» WHAT IS BEING ASKED: Restate all of the entries exactly, dropping any pictures they hold.

[MATERIAL FOR THE TASK Boundary: Start]

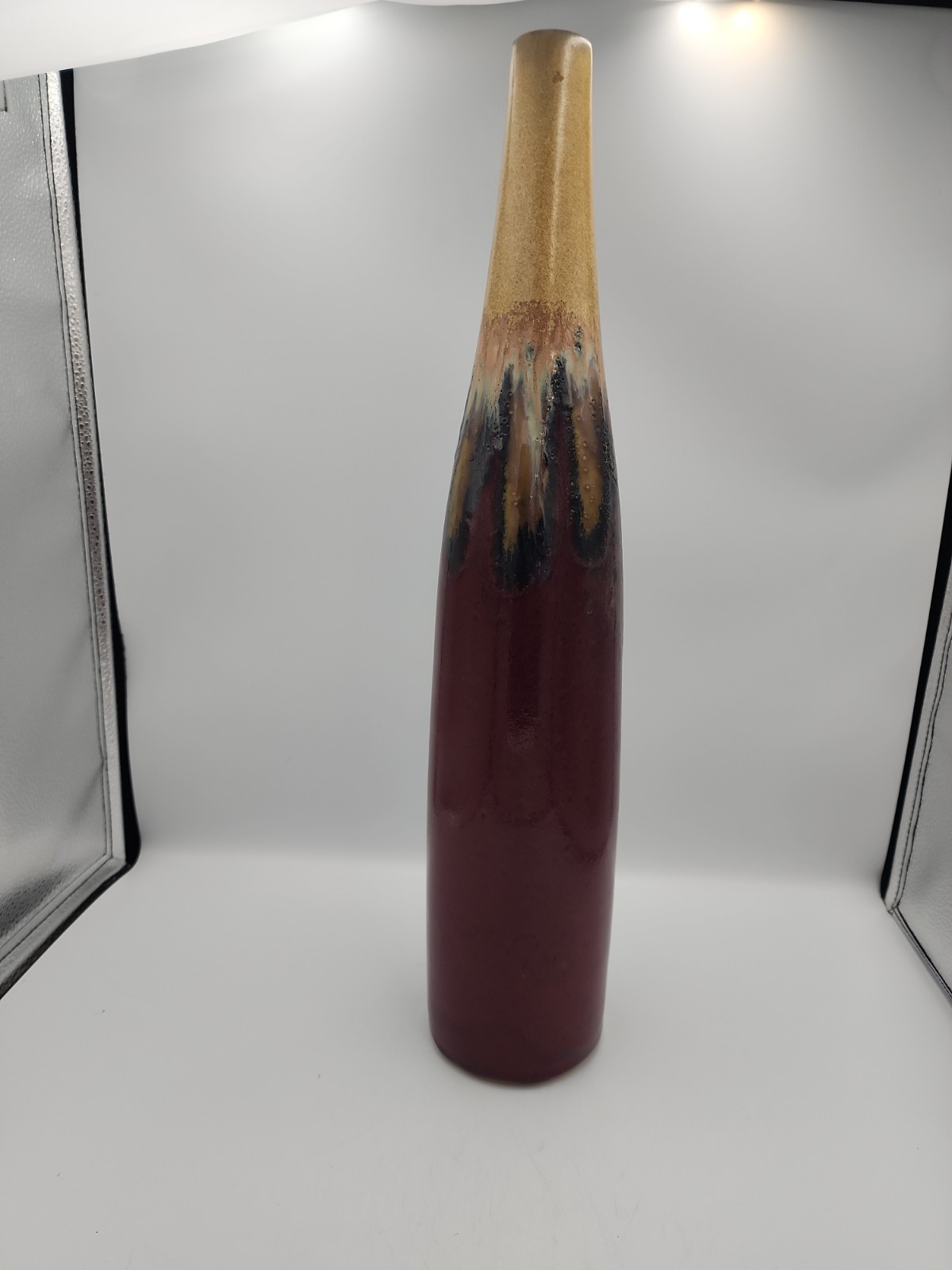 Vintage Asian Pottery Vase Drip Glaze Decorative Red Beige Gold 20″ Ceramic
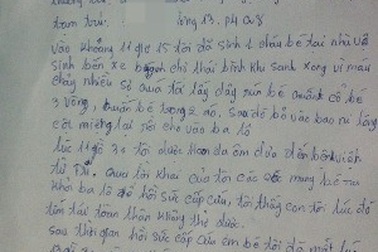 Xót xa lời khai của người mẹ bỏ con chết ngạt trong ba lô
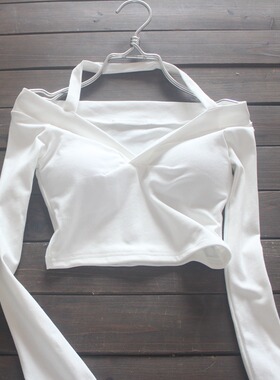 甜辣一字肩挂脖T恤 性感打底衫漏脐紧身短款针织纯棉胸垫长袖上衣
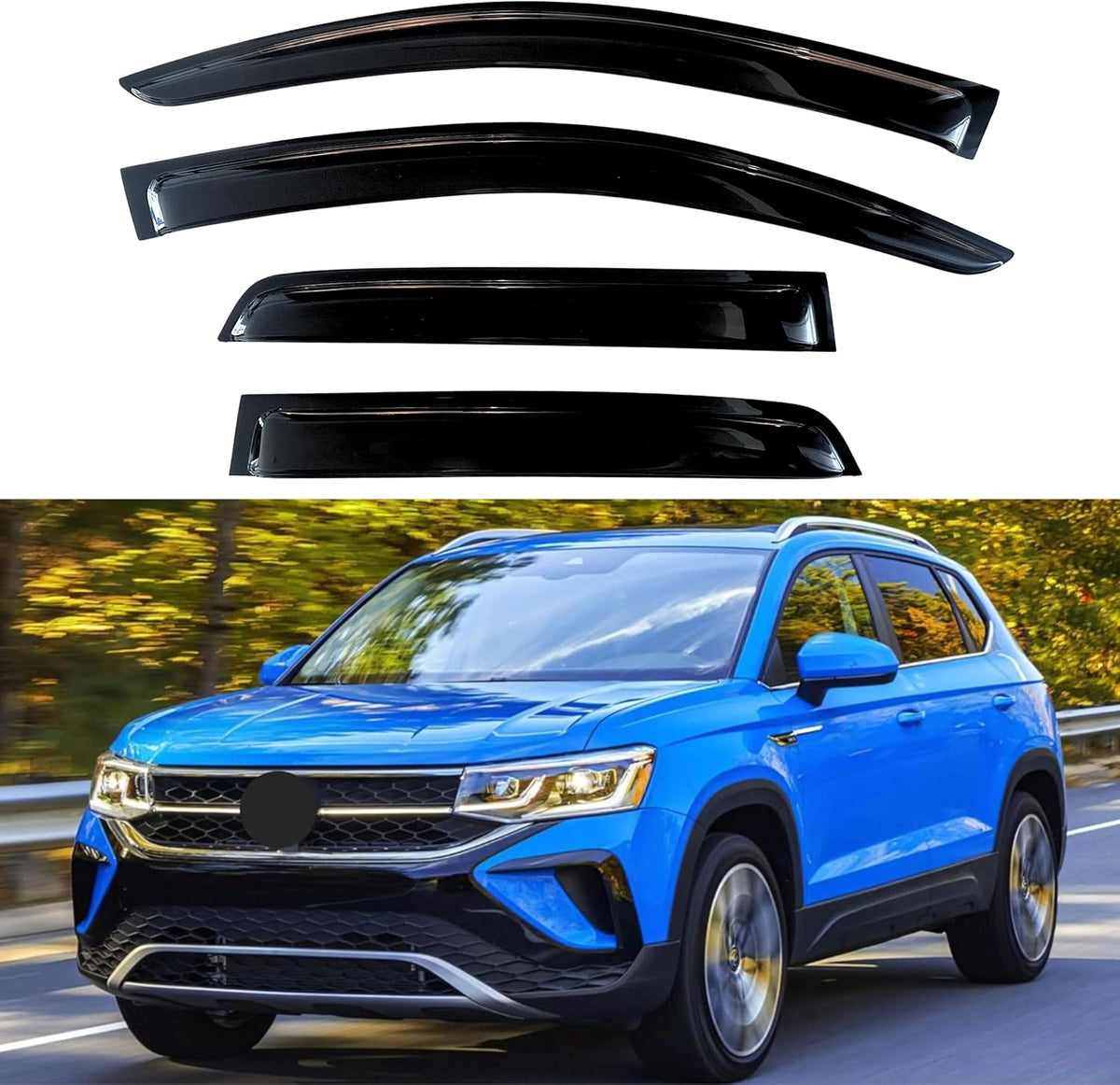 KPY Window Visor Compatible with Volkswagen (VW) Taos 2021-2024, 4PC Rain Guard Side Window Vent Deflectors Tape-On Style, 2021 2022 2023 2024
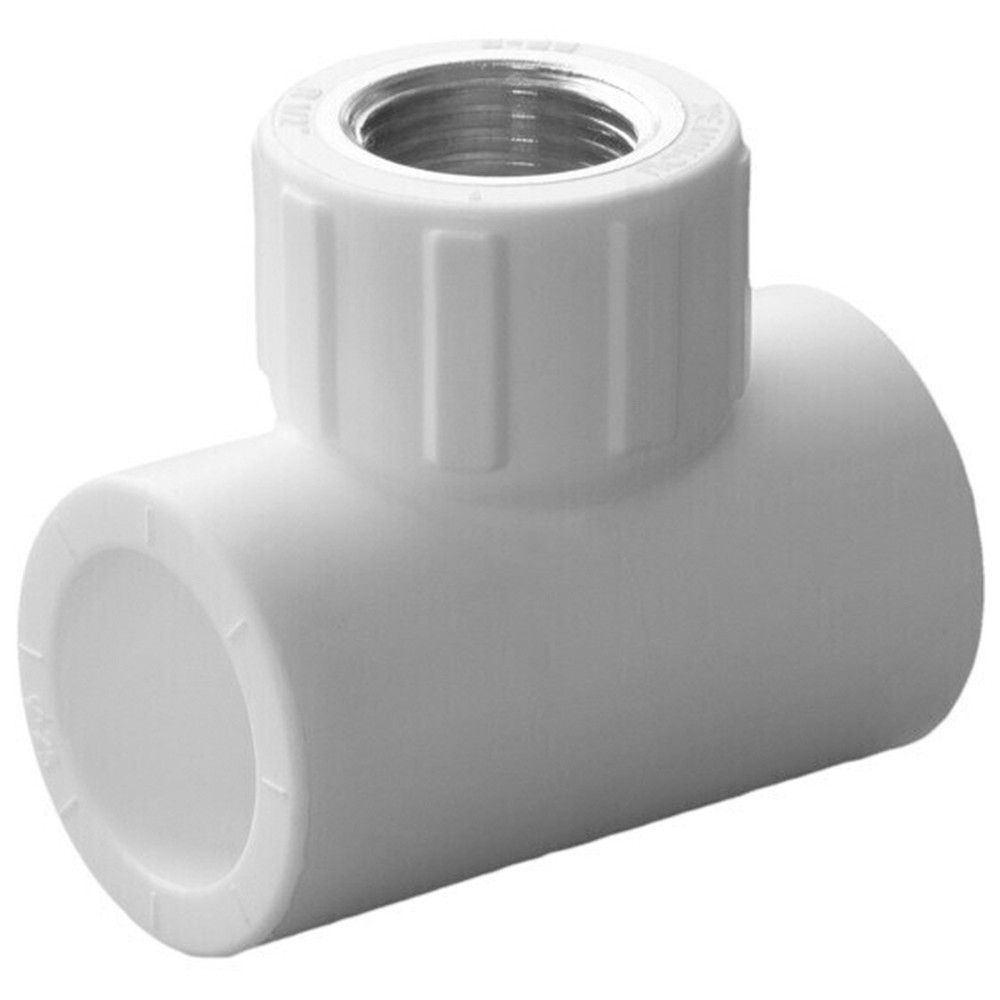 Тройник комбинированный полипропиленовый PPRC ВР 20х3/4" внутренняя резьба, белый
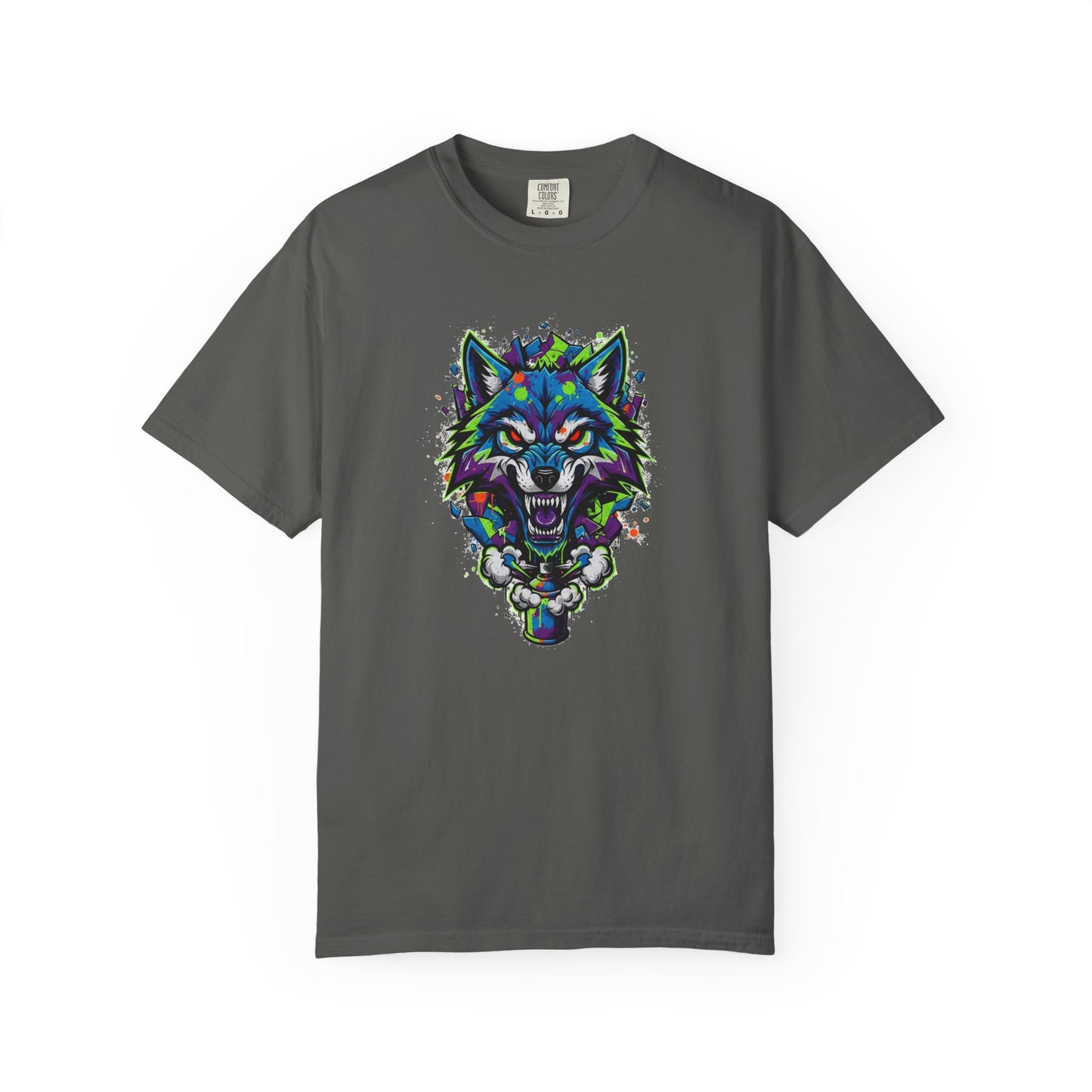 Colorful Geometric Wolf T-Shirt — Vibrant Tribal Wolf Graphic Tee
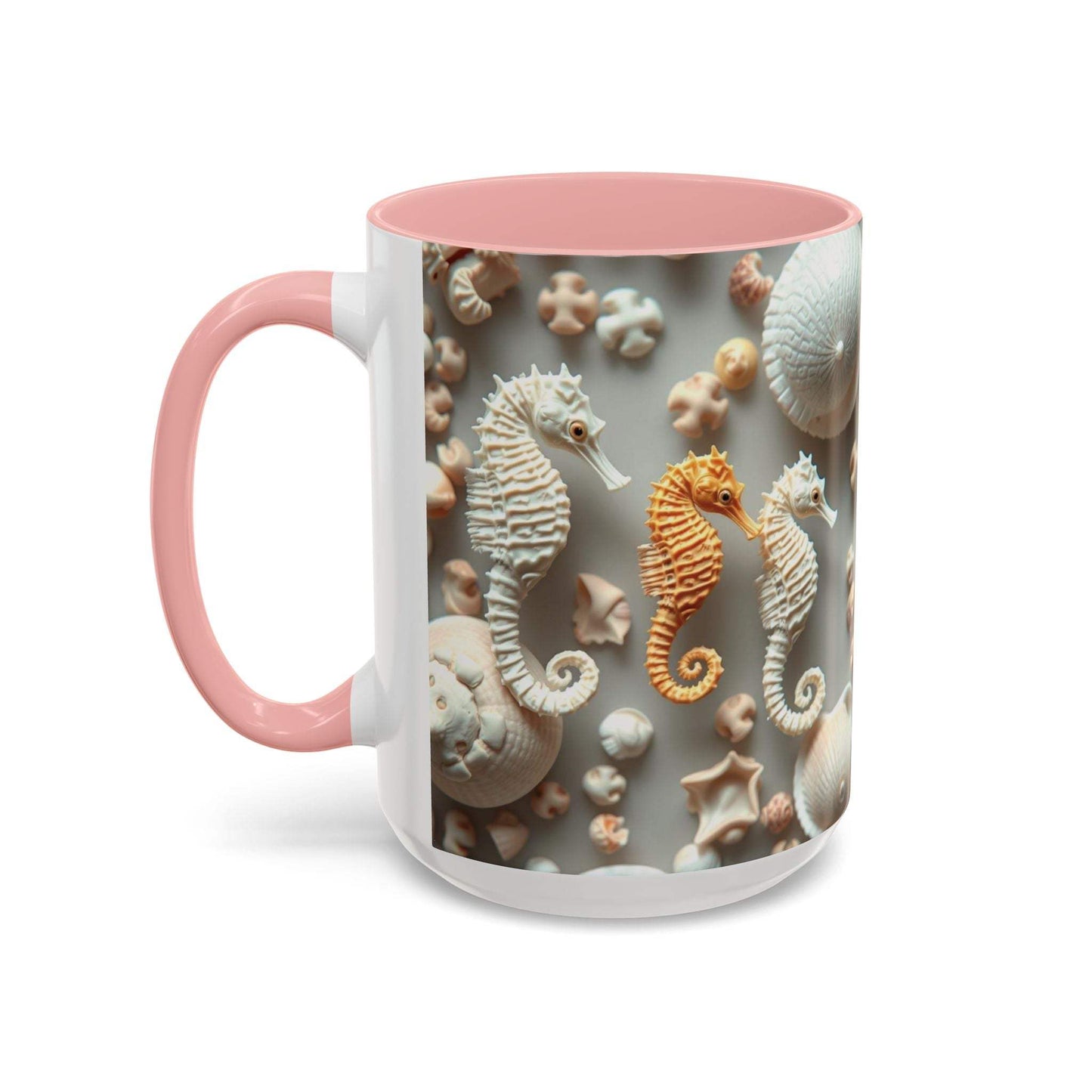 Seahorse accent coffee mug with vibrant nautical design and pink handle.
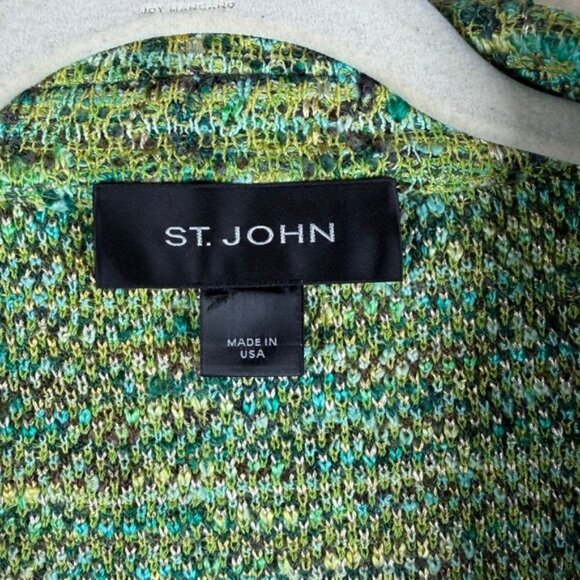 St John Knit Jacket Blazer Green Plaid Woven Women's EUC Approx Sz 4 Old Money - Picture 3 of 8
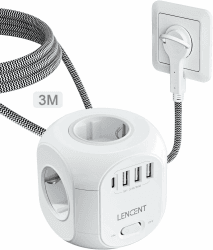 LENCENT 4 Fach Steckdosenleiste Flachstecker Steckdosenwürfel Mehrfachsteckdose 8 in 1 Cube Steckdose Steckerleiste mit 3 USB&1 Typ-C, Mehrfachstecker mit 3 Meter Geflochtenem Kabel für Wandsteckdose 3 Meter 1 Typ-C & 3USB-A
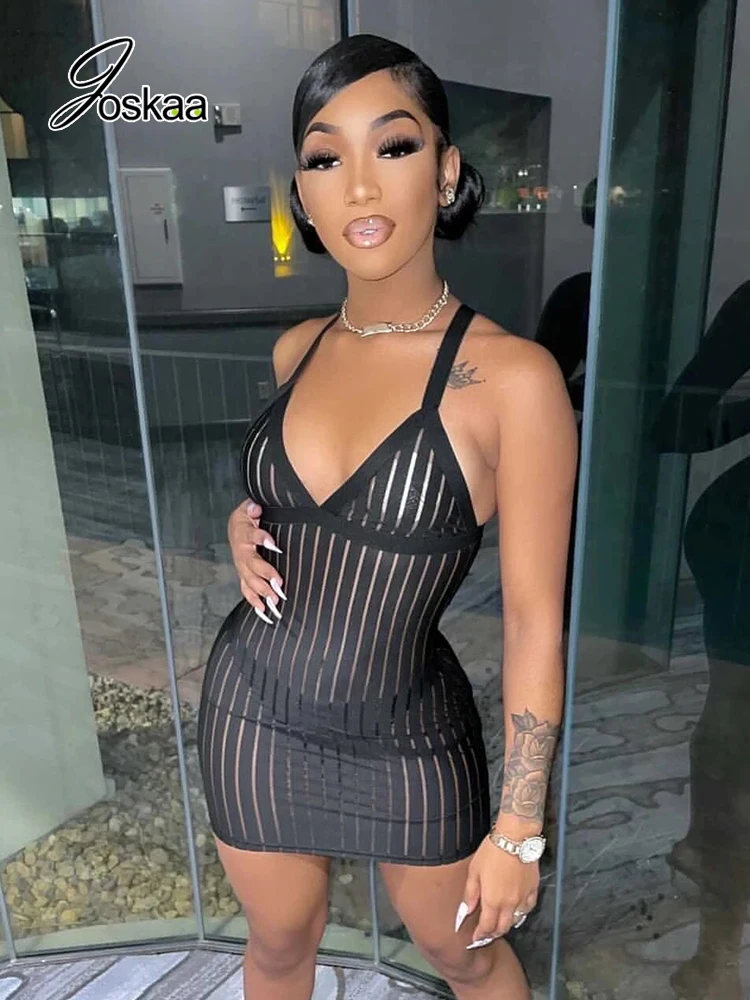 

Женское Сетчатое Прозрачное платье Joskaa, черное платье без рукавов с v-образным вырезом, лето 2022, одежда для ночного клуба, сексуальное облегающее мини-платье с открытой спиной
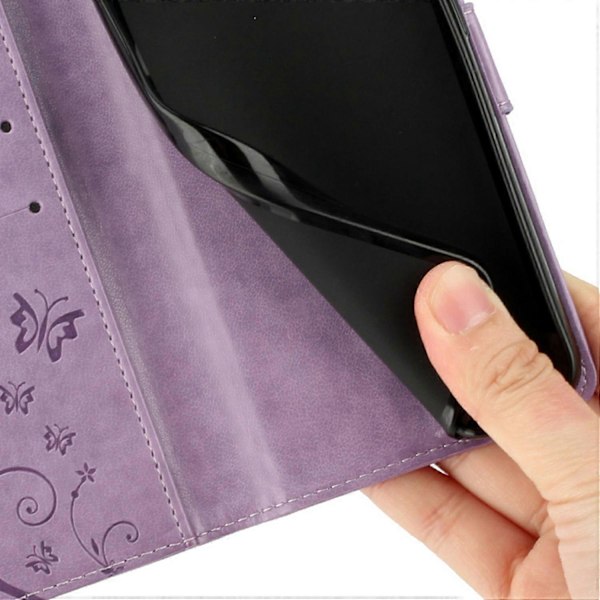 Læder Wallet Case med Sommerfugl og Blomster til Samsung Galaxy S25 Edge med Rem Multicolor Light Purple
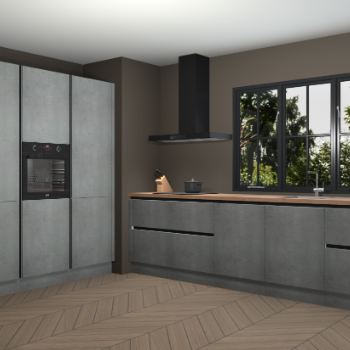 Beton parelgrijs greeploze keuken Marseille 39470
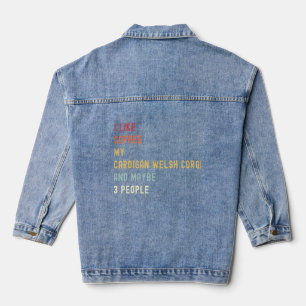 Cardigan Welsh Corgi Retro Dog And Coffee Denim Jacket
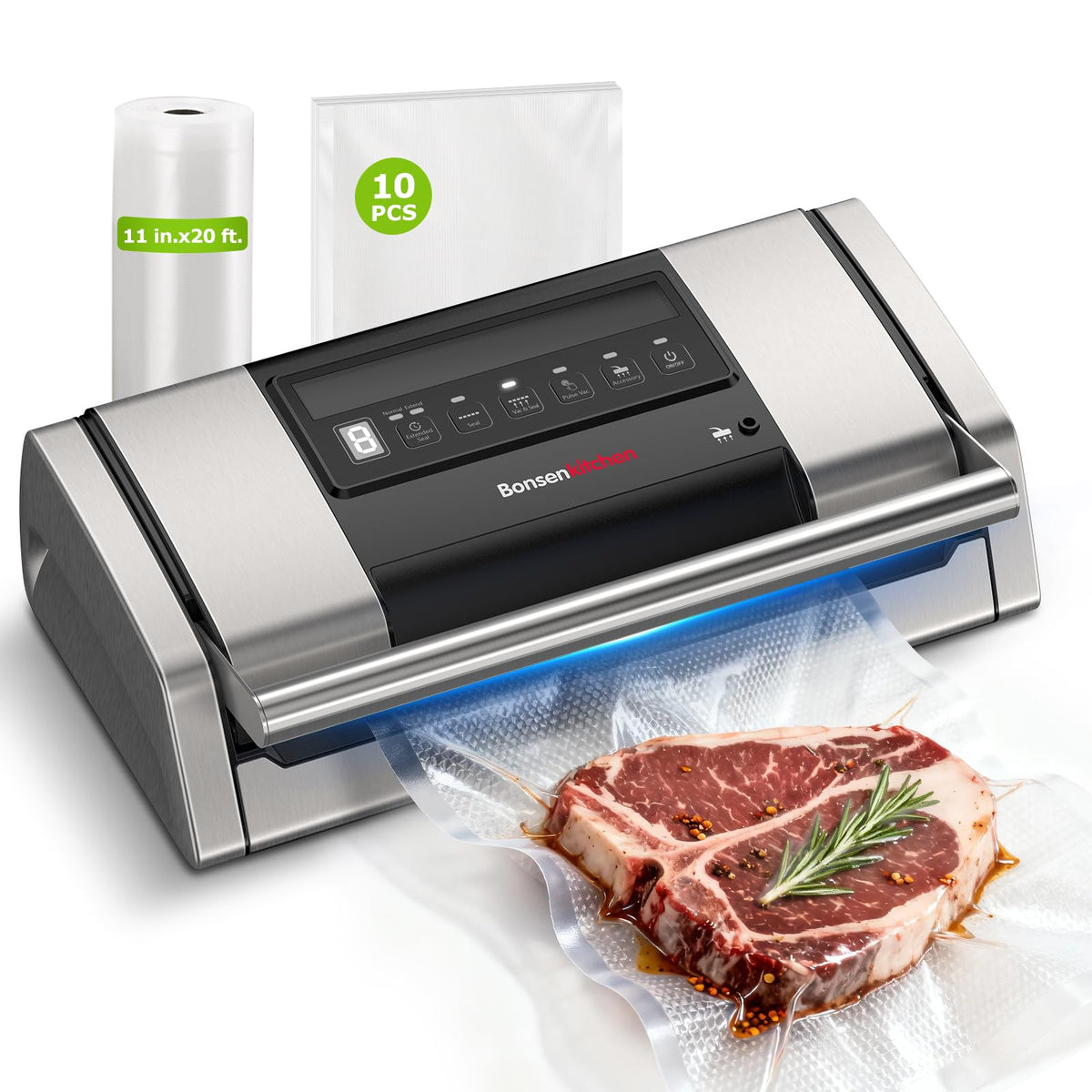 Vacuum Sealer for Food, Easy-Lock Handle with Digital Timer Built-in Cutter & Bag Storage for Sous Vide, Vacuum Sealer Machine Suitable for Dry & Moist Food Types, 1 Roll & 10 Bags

[MATERIAL FOR THE TASK Boundary: End]

» OUTPUT FOR THIS EXERCISE:
 Vintage Asian Pottery Vase Drip Glaze Decorative Red Beige Gold 20″ Ceramic
 Xót xa lời khai của người mẹ bỏ con chết ngạt trong ba lô
 甜辣一字肩挂脖T恤 性感打底衫漏脐紧身短款针织纯棉胸垫长袖上衣
 KPY Window Visor Compatible with Volkswagen (VW) Taos 2021-2024, 4PC Rain Guard Side Window Vent Deflectors Tape-On Style, 2021 2022 2023 2024
 Тройник комбинированный полипропиленовый PPRC ВР 20х3/4" внутренняя резьба, белый
 Colorful Geometric Wolf T-Shirt — Vibrant Tribal Wolf Graphic Tee
 Seahorse accent coffee mug with vibrant nautical design and pink handle.
 St John Knit Jacket Blazer Green Plaid Woven Women's EUC Approx Sz 4 Old Money - Picture 3 of 8
 LENCENT 4 Fach Steckdosenleiste Flachstecker Steckdosenwürfel Mehrfachsteckdose 8 in 1 Cube Steckdose Steckerleiste mit 3 USB&1 Typ-C, Mehrfachstecker mit 3 Meter Geflochtenem Kabel für Wandsteckdose 3 Meter 1 Typ-C & 3USB-A

Женское Сетчатое Прозрачное платье Joskaa, черное платье без рукавов с v-образным вырезом, лето 2022, одежда для ночного клуба, сексуальное облегающее мини-платье с открытой спиной
 Læder Wallet Case med Sommerfugl og Blomster til Samsung Galaxy S25 Edge med Rem Multicolor Light Purple
 Beton parelgrijs greeploze keuken Marseille 39470
 Cardigan Welsh Corgi Retro Dog And Coffee Denim Jacket
 Vacuum Sealer for Food, Easy-Lock Handle with Digital Timer Built-in Cutter & Bag Storage for Sous Vide, Vacuum Sealer Machine Suitable for Dry & Moist Food Types, 1 Roll & 10 Bags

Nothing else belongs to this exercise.